Liam Lawlor is to be asked to resign his seat in the Dáil by his fellow TDs.
The wording of a motion to be debated in the Dáil tomorrow was agreed after a meeting this afternoon between the chief whips of the main parties.
The motion will "deplore" Lawlor’s failure to co-operate with the Flood Tribunal and will state that his position as a TD is "untennable".
Fianna Fáil had last night sought for the Dáil motion passed last year calling for Lawlor to comply with Flood tribunal within a "reasonable time" or else resign voluntarily, to be restated.
However, all the parties now agree that Lawlor’s time is up and that he must now resign his seat.
TDs cannot force Lawlor to resign and is unlikely to heed the calls after sending a letter to TDs yesterday asking them not to debate his position in his absence.

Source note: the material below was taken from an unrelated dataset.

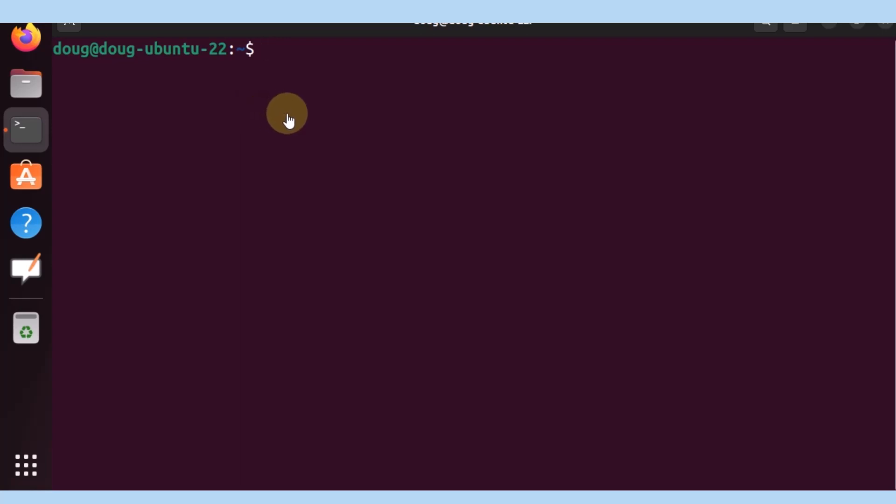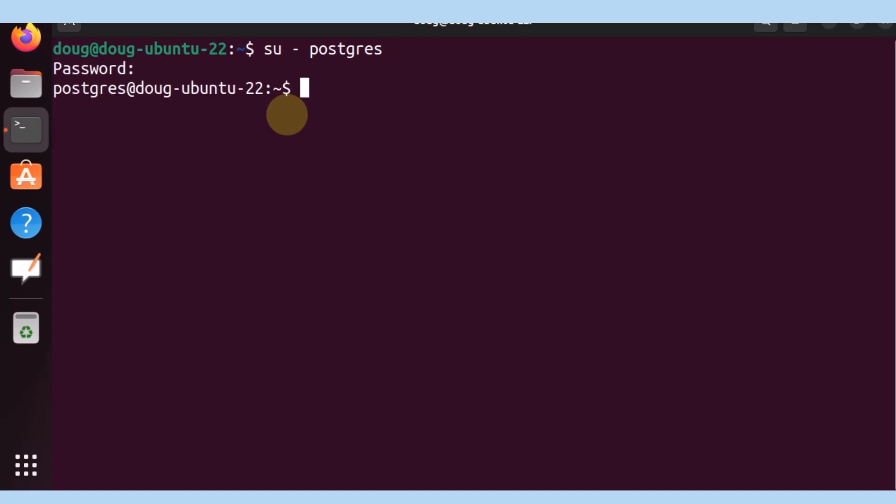So that's it, let's get started. I'm going to start by switching to my Postgres account, which we've done in previous videos, and we have configured the password as well. So we're going to authenticate, and we are correctly authenticated.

Fianna Fáil chief whip Mr Seamus Brennan suggested there may be a legal problem in debating the motion without Lawlor being present but this was dismissed by Labour’s Mr Emmet Stagg who said the party had taken legal advice on the matter and were satisfied nothing stood in the way of debating the motion.
Fine Gael leader Mr Michael Noonan sought to overcome any potential legal problems by calling for the Minister of Justice, Mr O’Donoghue, to make the necessary arrangements for Lawlor to be taken from Mountjoy and brought to the Dáil for the debate.
However, this will not now happen as all parties are now agreed there is no impedement to members passing a motion against a fellow TD despite his absence from the chamber.
"We have the right to pass a resolution on a member or any other matter because, as we said before, the Dáil has sovereignty," Mr Stagg told ireland.com.
He also said a code of conduct governing the activities of members outside the Dáil chamber would have overcome the confusion. He said his party had been promised the by the Government last year that such a code would be debated but that nothing has been done about it since.